Corruption was chief in undermining the US-led mission in Afghanistan, SIGAR chief says
John Sopko, Special Inspector General for Afghanistan Reconstruction (SIGAR), has said that corruption was among the key factors of failure in Afghanistan.
America’s unrealistic timelines, poor coordination and execution of aid, and contribution to corruption significantly undermined the US-led mission in Afghanistan that not only averted people from the mission but also strengthened the Taliban, Sopko said.
Speaking at a conference addressing lessons learned from Afghanistan at the Royal United Services Institute, RUSI, in London on Monday, indicating that corruption was chief to the challenges in Afghanistan.
“Corruption undermined the entire US mission in Afghanistan,” Sopko said.
“Not only did we lose a lot of money to the Taliban and other insurgencies, but we also lost the morale of the Afghan people and the Afghan government, and turned many people away from the coalition.”
He added that the US contributed to the corruption because they sent a “fantastic” amount of money “so quickly” to a poor country that was providing more than 100% of its gross domestic product without effective coordination and execution.
Sopko highlighted America’s politically-driven “unrealistic timelines for success” as another major shortcoming.
He indicated that the US “did not really understand” the country or how it worked and substantial efforts were mainly focused on what their timelines said with politicians in Washington rather than focusing on the realities on the ground.

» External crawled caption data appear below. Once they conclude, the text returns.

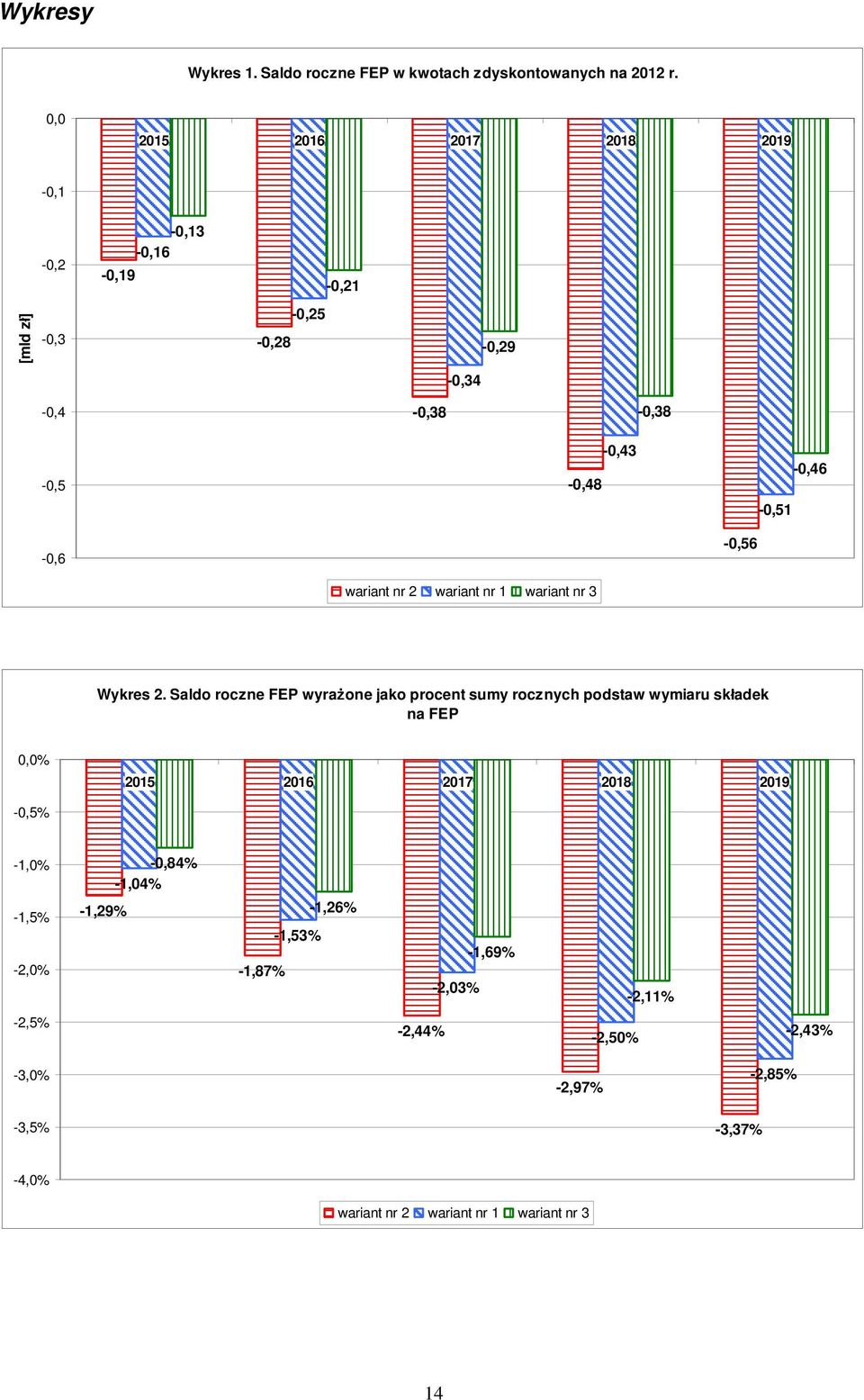 wariant nr 2 wariant nr 1 wariant nr 3 Wykres 2.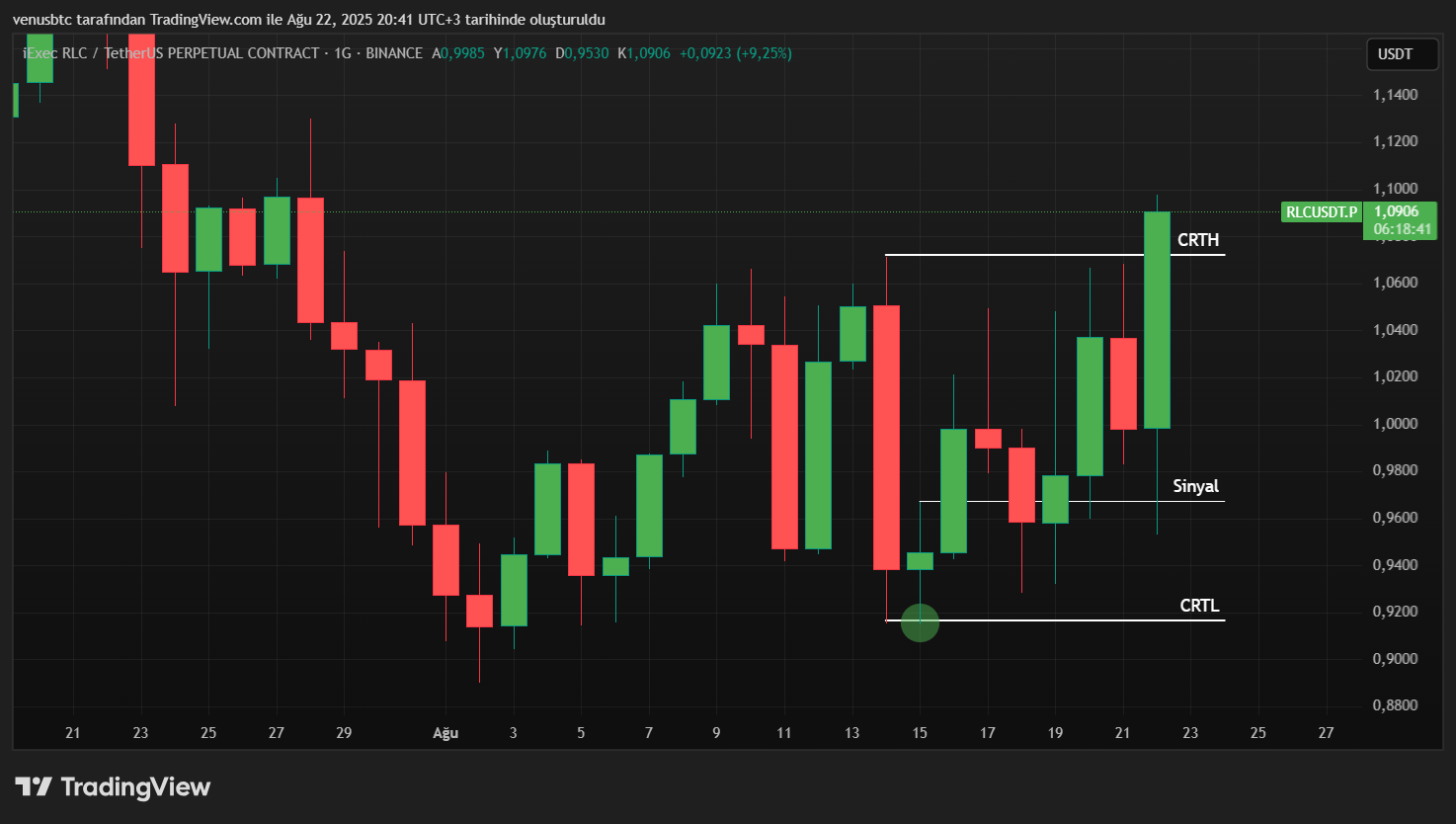 Inversion Fair Value Gap
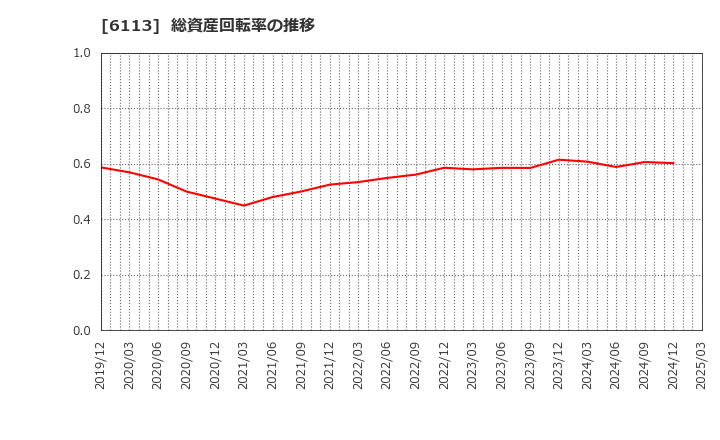 6113 (株)アマダ: 総資産回転率の推移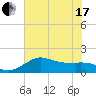Galveston tide chart for Thursday, June 17, 2021
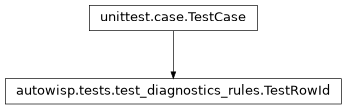 Inheritance diagram of autowisp.tests.test_diagnostics_rules.TestRowId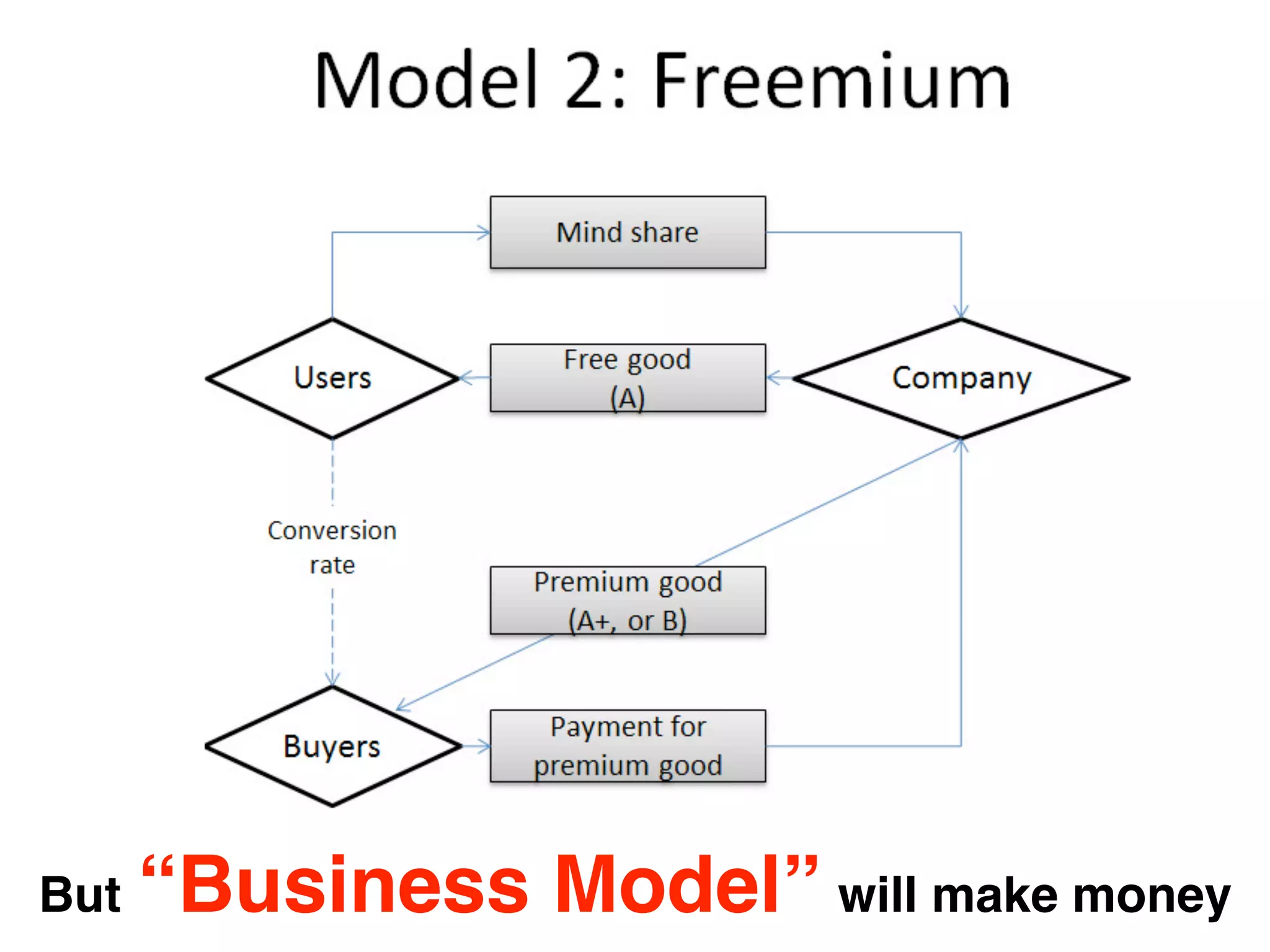 But   “Business Model” will make money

“We do not want to be honest and as a result, we learned how to do the wrong thing perfectly by checking boxes. We focused on inputs but never looked at the outcomes,” he said.
While stressing that many would forget the Afghanistan experience, Sopko stressed that if lessons are not learned, “you are doomed to repeat the mistakes.”
Sir Hugh Bayley, a commissioner of the UK’s Independent Commission for Aid Impact, told the conference that the West failed to understand local traditions, culture, or capacity in Afghanistan, which undermined its aid assistance on the ground.
Bayley said that the UK government paid inadequate attention to its locally recruited staff “who spoke the languages, understood the culture and who were free to mix and mingle in the local community, and who were crucially there for a long time and had much better memories of what had been tried before.”
Moreover, he stated that there was a major “coherence” challenge in strategic objectives between the US and the coalition, including the UK.
He indicated that despite the UK efforts calling on the US for a “different political approach”, the former could not persuade the Americans to shift approaches and to broaden the base of a centralized Pashtun-focused government in Afghanistan.
The Taliban seized power on August 15, 2021, as US and NATO forces were desperately withdrawing from Afghanistan. Since then, Afghanistan is grappling with multi-front crises. The humanitarian situation has particularly worsened, making it one of the world’s most critical crises. Over two-thirds of the population, approximately 28.8 million people, now require urgent humanitarian assistance.
Humanitarian organizations estimate that $2.26 billion is needed between June and December 2023 to provide essential multi-sectoral assistance to 20 million people.